With this mind, we can design the generator in such a way, that the wire stays still, and the magnet moves, the piece with the wire that stays still is called the stator, and the bit with the magnet that moves, is called the rotor. Wire, being flexible and wobbly, has a hard time staying still, especially when being accosted with a moving magnet, so the wire is coiled up into tight little bundles and encapsulated in polyester resin. This prevents the wire from moving and makes the whole thing easier to deal with. You need a lot of wire, otherwise you only make a little bit of electricity, and if you're going to the trouble of having an erection of this magnitude, you might as well make the best use of it and produce as much as you reasonably can. I used a total of nine coils of wire, three coils per phase, this allows me to make three phase electricity, which, as everyone knows, is the best kind of electricity to have, being of a higher quality than the normal kind.

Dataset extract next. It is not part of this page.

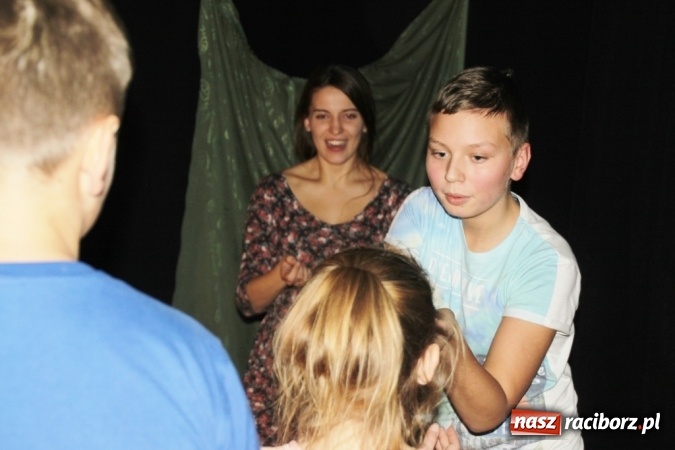 Zdjęcie w galerii na portalu naszraciborz.pl: Młodzi adepci sztuki aktorskiej rozbawili do łez  wiadomości z regionu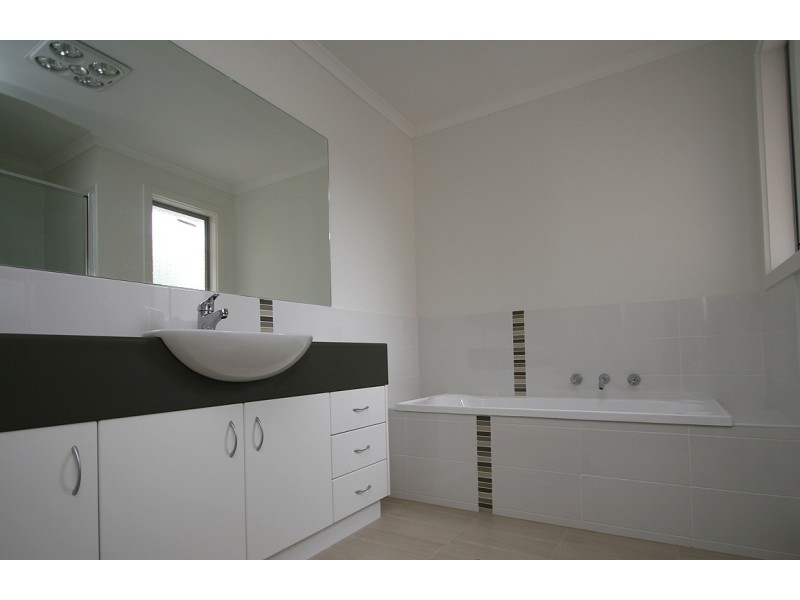 1/38-40 Kenilworth Avenue, Frankston VIC 3199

The wire costs in the region of £40 for enough to make all the coils. With all this wire, all coiled up and concentrated in one place, you need a really good magnet. The one you stick your shopping list to the fridge door with is really not up to the job. I say 'a' magnet, but in reality I used 24 magnets, arranged with alternating polarity, North, South, North, South. etc., attached to two steel discs, a foot or more in diameter, thus making two really big magnets from 24 little ones. When I say little, they were one inch by two inch by half an inch, not really that small. The magnets were grade N42, neodymium, so called, rare earth magnets, wickedly strong and could quite easily break your fingers or cause other severe injuries if not handled with extreme care. These magnets are around £3 each.
The steel discs with the magnets attached, are also encapsulated in polyester resin, it serves to protect the magnets from moisture which causes them to rot, and also helps to keep the individual magnets in the right place on the disc. The magnetic forces are incredibly powerful, and a blob of glue is no match for two magnets trying to attack one another. The discs are mounted on a stub axle, reclaimed from an old car in a scrapyard, I'm sure new ones are available but I'm a big believer in good second hand bits, it is invariably cheaper to begin with, and also good for the environment, reusing things that would otherwise be destroyed. The stub axle is mounted on a backplate and the magnet discs, (rotor) and the coils of wire, (stator) are assembled using stainless steel threaded rod. The use of stainless steel is not to prevent it going rusty, but because of the non-magnetic property of stainless. If normal, mild steel threaded rod is used, the rotor doesn't spin smoothly because the magnets are attracted to the mild steel and causes the rotation to feel lumpy. The high quality three phase electricity is fed to a bank of rectifiers, which cause the output to become DC, which is then connected to a bank of lorry batteries. This 24 volts is the end product of the generator. There is no phase matching required, it doesn't really matter how hard the wind blows, 24 volts DC is 24 volts DC, no compatibility problems at all.
TL;DR - Conclusion.
The chassis was constructed from some box section that just happened to be a good sliding fit over a scaffold tube. This allows the whole thing to rotate and follow the wind, and was cheap because it required no expensive parts to produce. I'm sure a more elegant solution could be found, using roller bearings and whatnot, but I doubt that a cheaper variant could be made. The tail was made from some scrap tubing and is around 8 feet long, the actual vane area of the tail which is responsible for keeping the wind turbine pointing into the wind was made from a reclaimed plywood crate and is somewhere around 4 square feet, which is enough surface area to control the rest of the wind turbine. The turbine blades, which are each 5 feet long, were carved by hand from old ¾" plywood shelving and then painted with a tin of the finest white gloss that I found in a skip. Balancing the blades was fiddly because it had to be done outdoors due to height limitations inside the shed, and it had to be done in that 15 minute period just after tea when the wind stops blowing, otherwise they just caught the slightest draught and set off spinning. The hardest part was getting the whole thing mounted on the top of the pole. It took me and a local farmer with a forklift, to get the turbine high enough to lower it onto the mount that I had previously attached to the top of the pole.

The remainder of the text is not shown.